The RSFA is unusual for an HOA in that it assesses HOA dues based on property tax value. All other California HOAs assess their Members the same amount per property or based on objective non changing criteria like condo floor size or lot size.
In fiscal 2026, the RSFA assessed every property $0.15 per $100 of County assessed property value. Or in other words, 0.15% of property value. This can be compared to 1% of assessed property value that you pay in property tax.
Due to the way property taxes are calcuated via Prop 13 passed in the 1970s and the many subsequent modifications to it, new Members who recently purchased a home in Rancho typically pay far more in RSFA dues than Members who have remained in their houses for decades.
The RSFA fiscal year runs from July 1 through June 30, to mirror property tax collections. It prepares a yearly budget which must be approved by the Board of Directors and be mailed out to all Members by May 31st. The budget is just a plan for the next fiscal year and actual spending, collections and revenue may differ materially from the budget.
Budget creation starts with high level strategic objectives as set by the Board. Staff then work with each department head to create spending and revenue estimates for the following year. As such, the budget is mostly a staff creation, with overall strategic input from the Board. The RSFA's Audit Finance committee reviews the budget over several meetings as more detail gets added.
Very often, the approved budget will appear to not contain assessment increases because the 0.15% (or whatever it was the previous year) rate doesn't change, but of course property values typically go up from year to year, and some small percentage of homes get sold, resetting property values to a much higher number. So even when the rate doesn't change, it typically results in a 4% to 8% budget increase.
California HOA law restricts HOAs from increasing yearly assessments more than 20% (on a dollar basis) unless Members vote otherwise. HOAs can also assess special assessments at any time, but again these are restricted to 5% of the total HOA budget unless Members vote otherwise.

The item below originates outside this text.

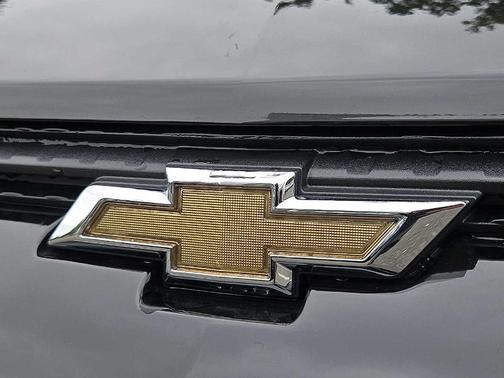 2026 Chevrolet Equinox EV LT 1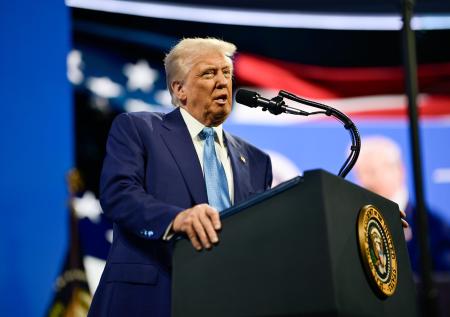 Трамп пообещал разобраться с фейковыми долгожителями в США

For RSFA, the 5% number would be 5% of the total budgetary revenue, which was $34M in fiscal 2025, meaning the HOA Board could have assessed a special assessment of about $1.7M, or about $900 per property.
Replacement Reserves, or often just called reserves, are a California law mandated fund that each HOA must pay into to pay for expected end of life replacements. For the RSFA it would be for golf equipment, golf carts, tennis nets, playing surface, horse arena footing, fencing, HVAC units, etc. It is recommended that HOAs keep their reserve fund at 70% funded, but the RSFA has historically strived to keep theirs funded at 100%.
As of fiscal 2025, the RSFA has three clubs that charge their members or users fees: The Golf Club, the Tennis Club and the Osuna Ranch horse facility.
For the last 40+ years, the Association has required these clubs to self fund and not draw any assessment money for their operations or even major capital upgrades. Thus for instance, the golf club funded a major golf course remodel in 2021 entirely through club member fees. It also built a major new clubhouse building in 2007, also with no Member assessments. Likewise the Tennis Club and Osuna Ranch are self funded.
All Association Members have dining priviledges at the private ranch clubhouse restaurant. Like almost all private restaurants, the restaurant runs at a deficit. Each year, $500K of assessment money is used to defray these operating deficits, with the remainder (typically $800K to $1M) borne by the Golf Club.
The Association operates many non-revenue generating ammenities such as the soccer fields, the baseball diamonds, the 65 miles of horse trails, the private security Patrol, and various open space hiking parks. These are all paid for through regular yearly Member assessments.